The clip went viral, with Hurtubise using his newfound fame for good, visiting the Shriners Hospital for Children in Montreal to meet with disabled children. “It’s striking to see myself as inspirational because I was born like this,” Hurtubise told Golf Canada. “I’ve never seen myself as inspirational, except to the guys who play golf with me or played hockey with me. They were always saying ‘Wow, you’re good.’ But it was always normal for me to do my best, so that hole-in-one made me really realize what a positive effect I had on other people.”
It was billed as the Masters that distance would break. That did not bode well for Bernhard Langer. The 63-year-old was last in the Masters field in driving distance, 60-something yards behind category leader Bryson DeChambeau. Yet Langer finished at three under for the tournament in his 37th career Masters start. DeChambeau, the reigning U.S. Open champ, was two under. Long live Bernhard Langer.

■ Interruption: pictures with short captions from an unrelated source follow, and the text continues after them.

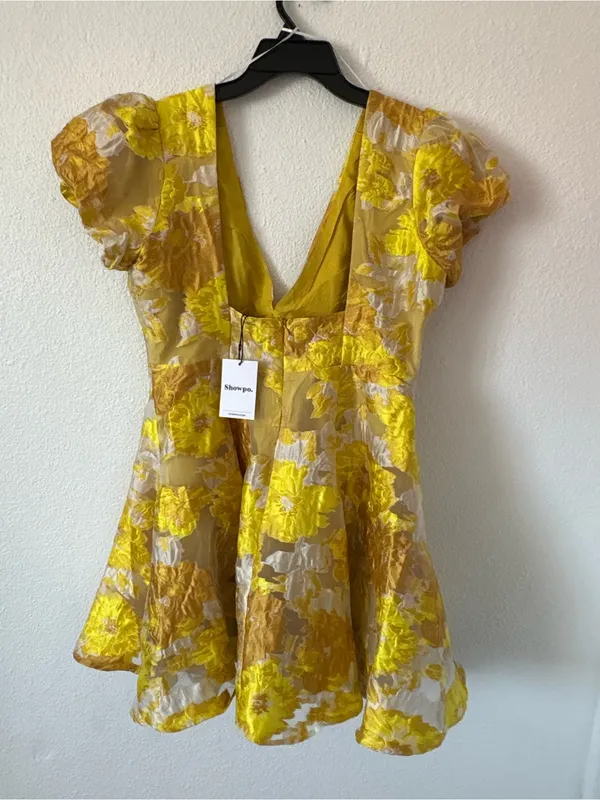 Showpo Brailey Jacquard Puff Sleeve Mini Dress sz 10 NWT - Image 3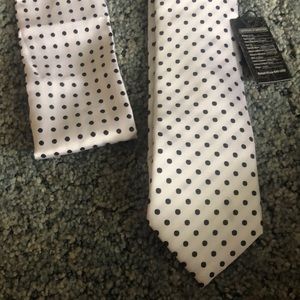 Tie and pocket square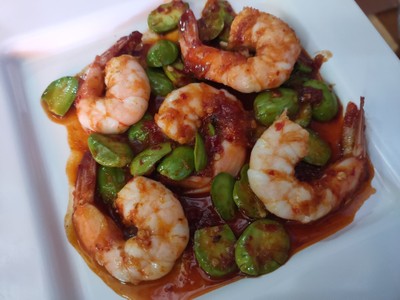 กุ้งผัดพริกแกงใส่สตอ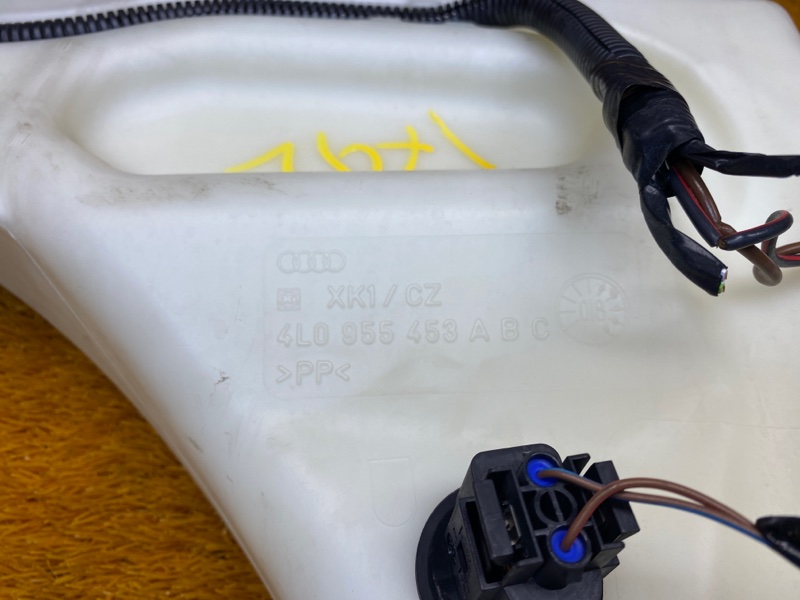 Бачок омывателя, 1000 рублей, Красноярск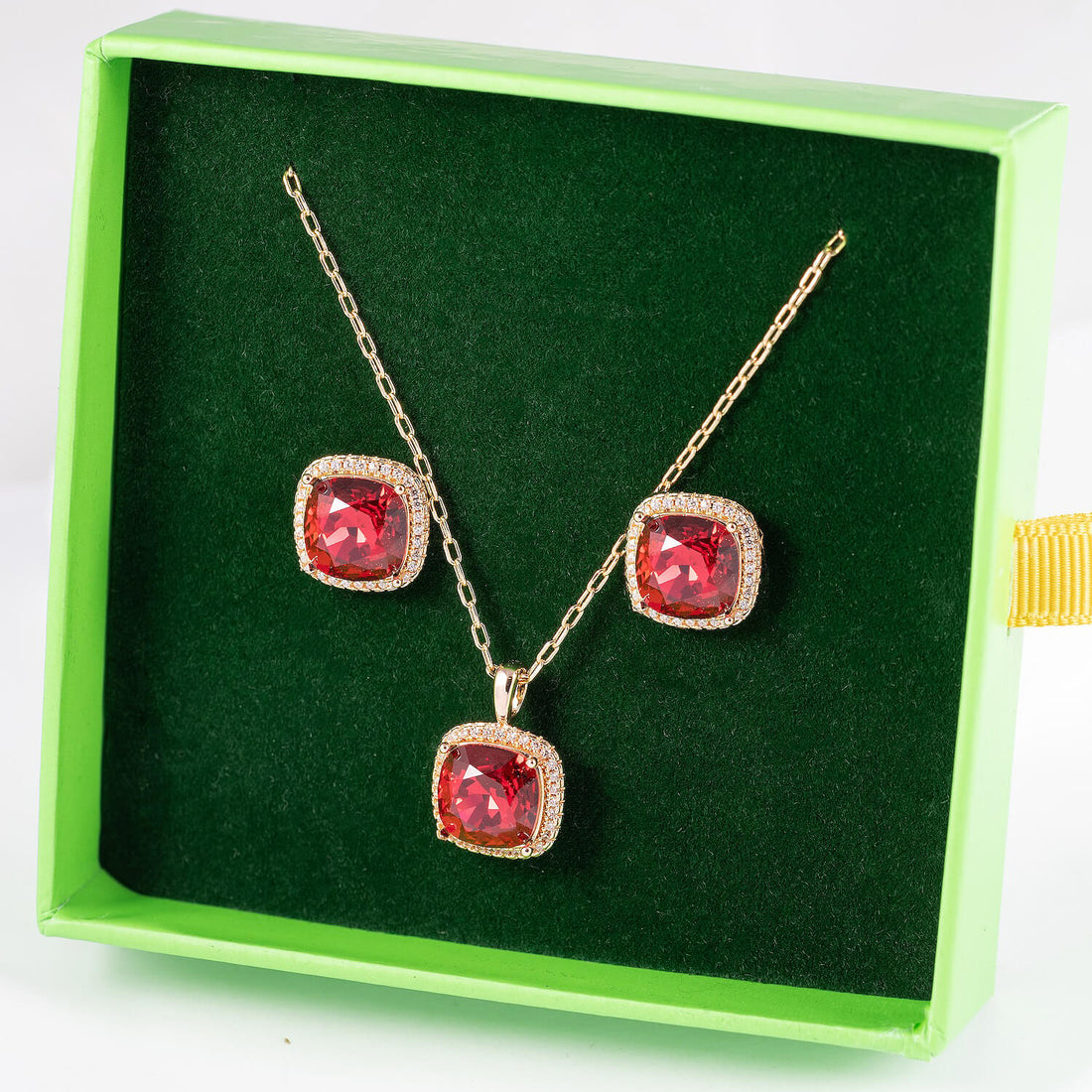 Sarkans kristāla rotu komplekts 'MEŽROZĪTE'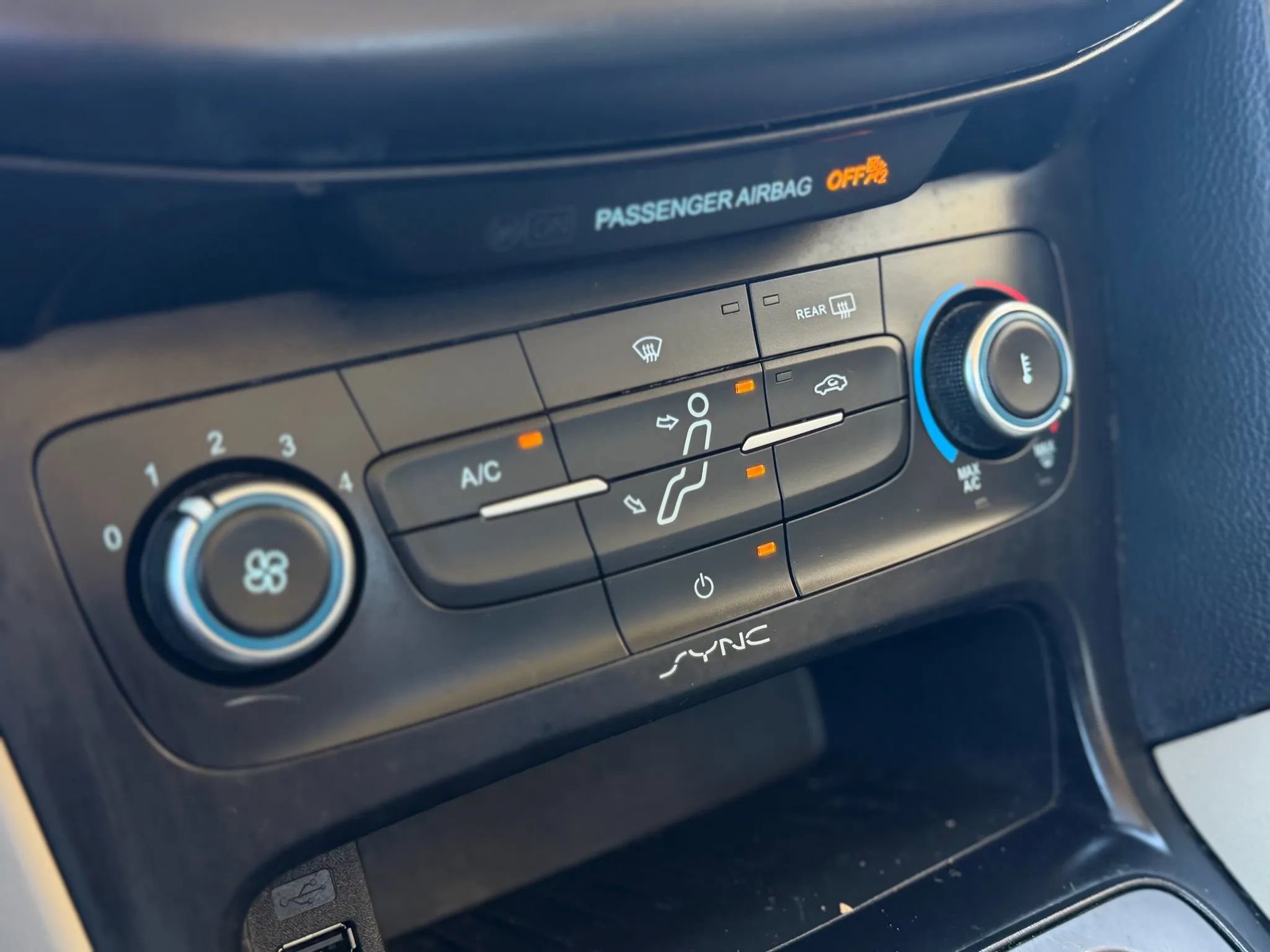 Used 2018 Ford Focus SE FWD image 23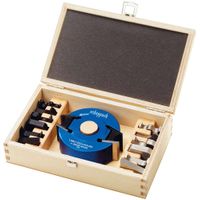 Universal Sicherheits-Profilmesserkopf-Set von Scheppach in einer Holzkiste mit verschiedenen Profilen und einem blauen Messerkopf.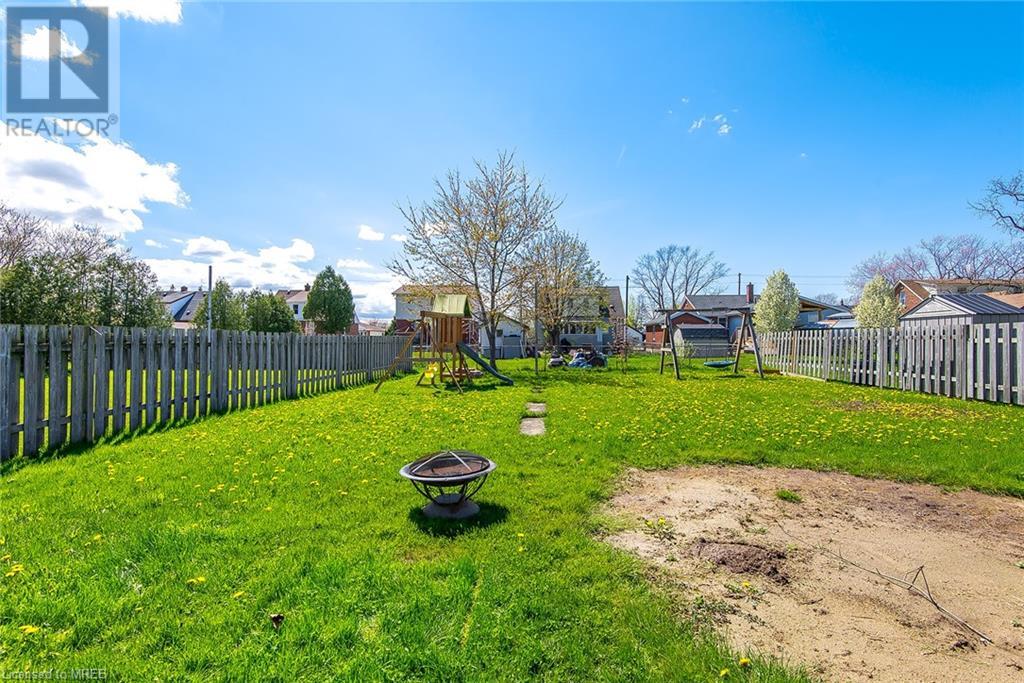 For sale 6861 HAGAR Avenue, Niagara Falls, Ontario L2G5M6 40586709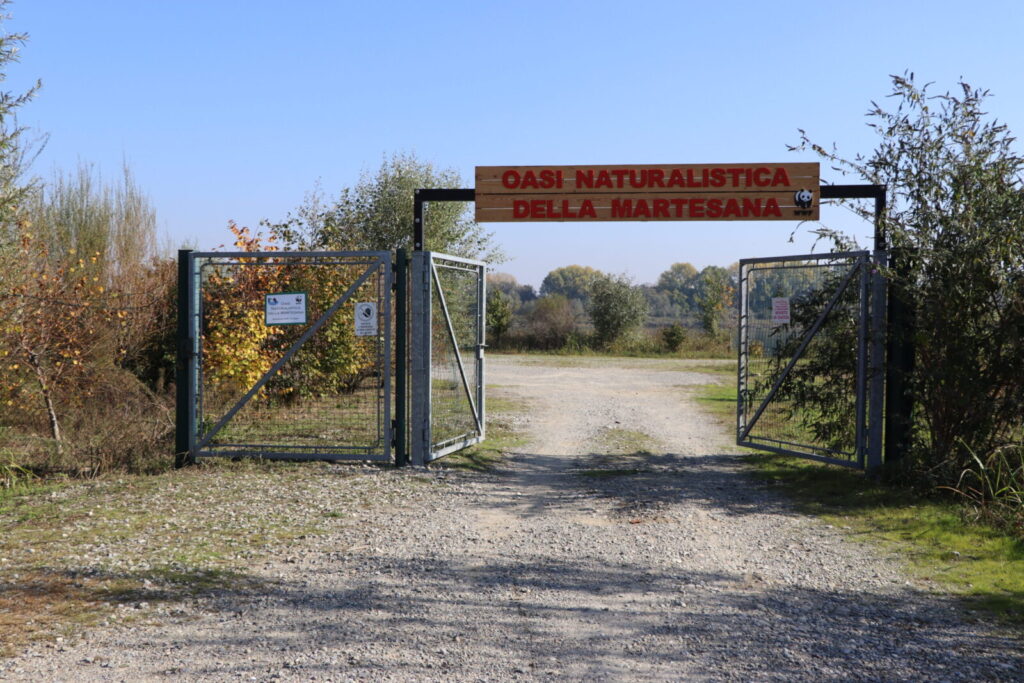 L'Oasi della Martesana si trova tra i comuni di Melzo e Pozzuolo Martesana, in provincia di Milano. Si estende per 30 ettari e sorge sull’area dove state svolte attività estrattive per la realizzazione dell’autostrada Teem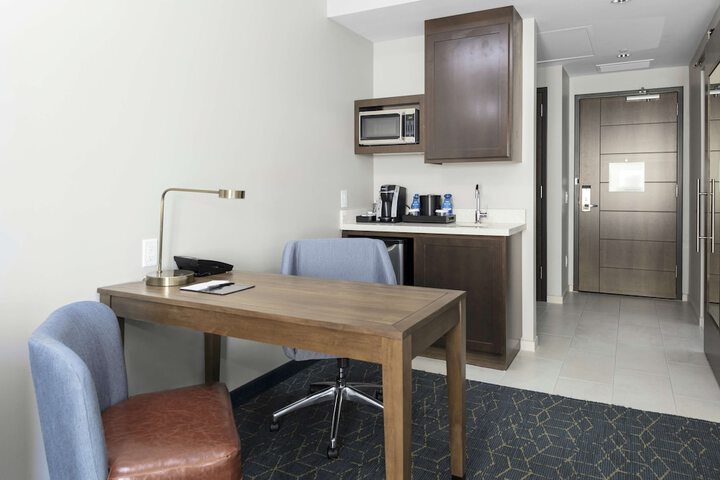 Embassy Suites by Hilton Grand Rapids DowntownMI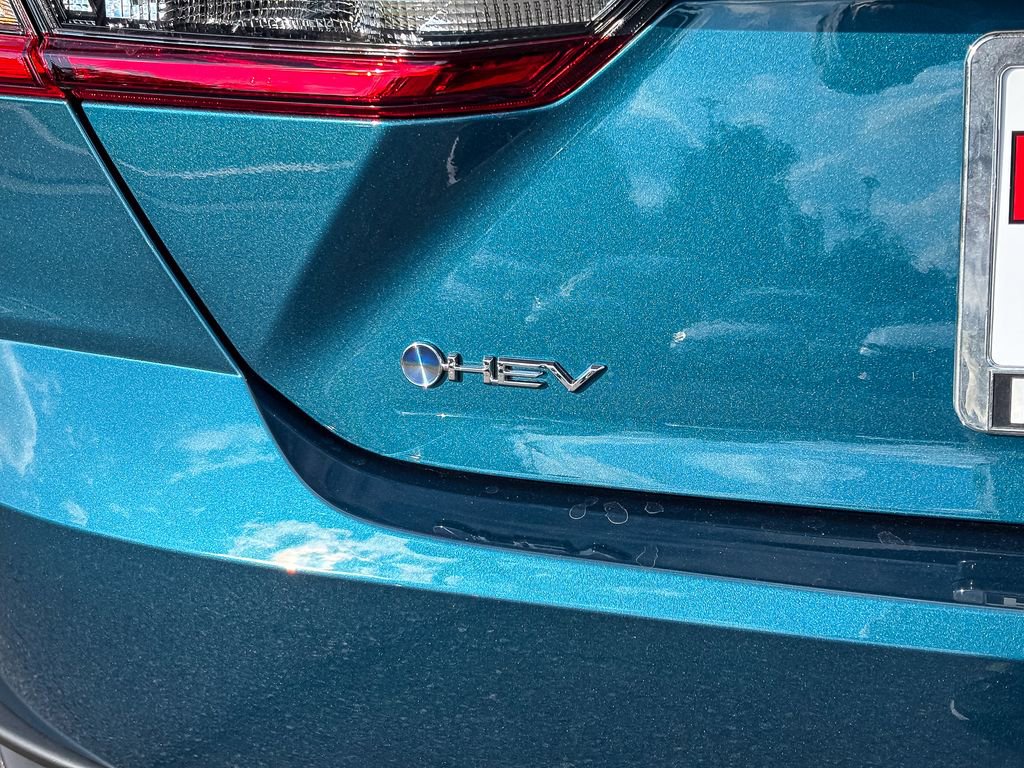 New 2025 Toyota Camry SE image 6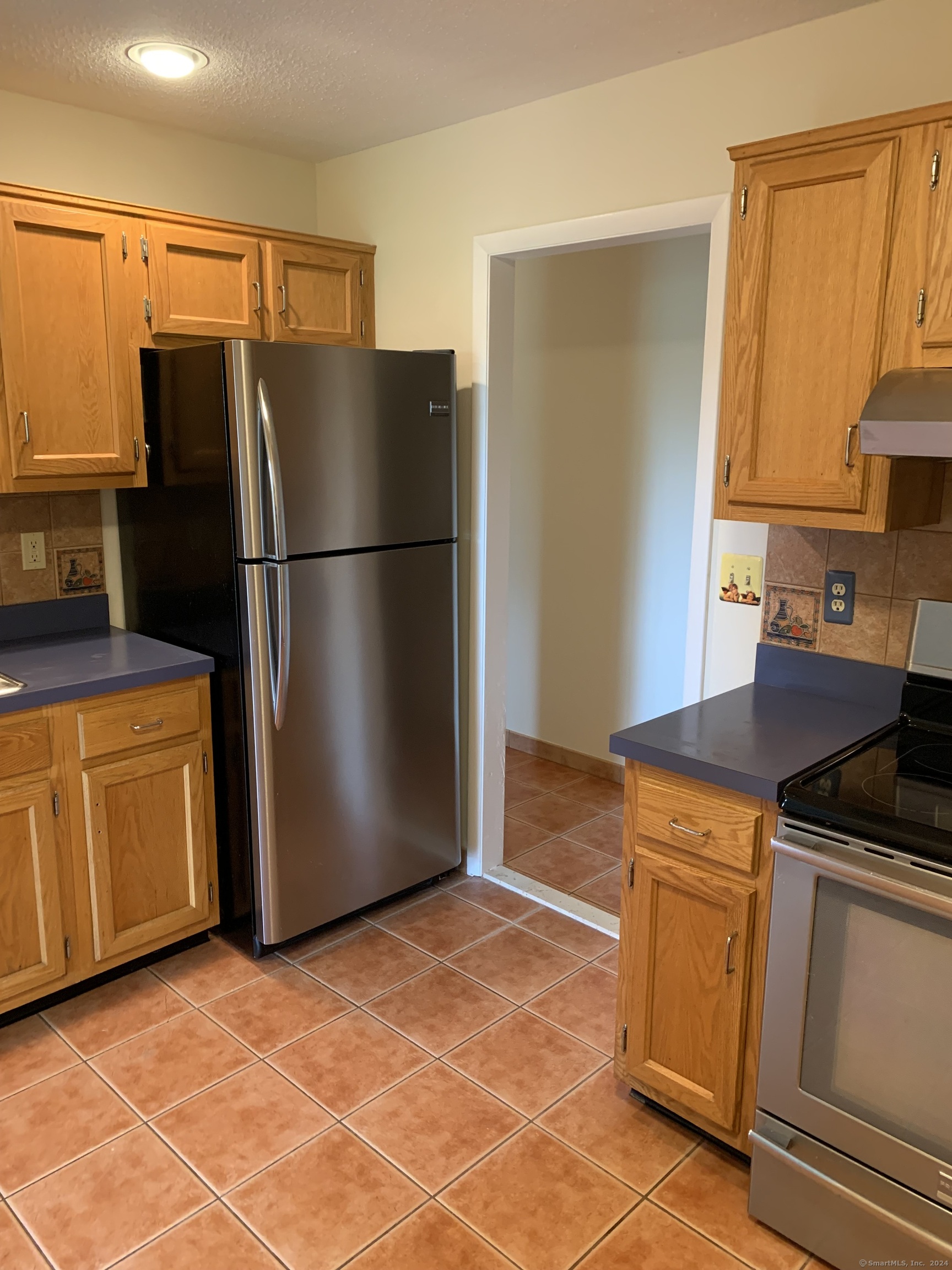 166 Old Brookfield Road #1A4, Danbury, Connecticut image 7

Miguel’s European Tour milestone
Miguel Angel Jimenez made his 707th career start on the European Tour at the Hero Open, breaking Sam Torrence’s record for most appearances on the Old World circuit. And, like everything he does, golf’s most interesting man did it in style, shooting an eight-under 64 at Forest of Arden C.C. Saluted by his fellow pros at the 18th green, the 56-year-old Spaniard provided these words of wisdom: “I enjoy everything about my life here. It’s not the first time I’ve said it, this is a way of living. Golf is my life, you never remember any bad moments. You can understand that you’re not going to be in a perfect mood and not make a perfect score every time. You can have a bad game, but not a bad day, that’s the difference.”
Days before the PGA Tour’s restart at Colonial, Harold Varner III spoke of his experiences with inequality. The message was eloquent and passionate, offered perspective and understanding. Then the most remarkable thing happened. Varner, at a juncture where the lines of sport and society are blurred, contended at Colonial. He ultimately did not win the event; didn’t even finish top 10. But with his words and resolve, with a performance that can only be measured against the pain and uncertainty and fear we all face, Varner showed us the best that golf can be.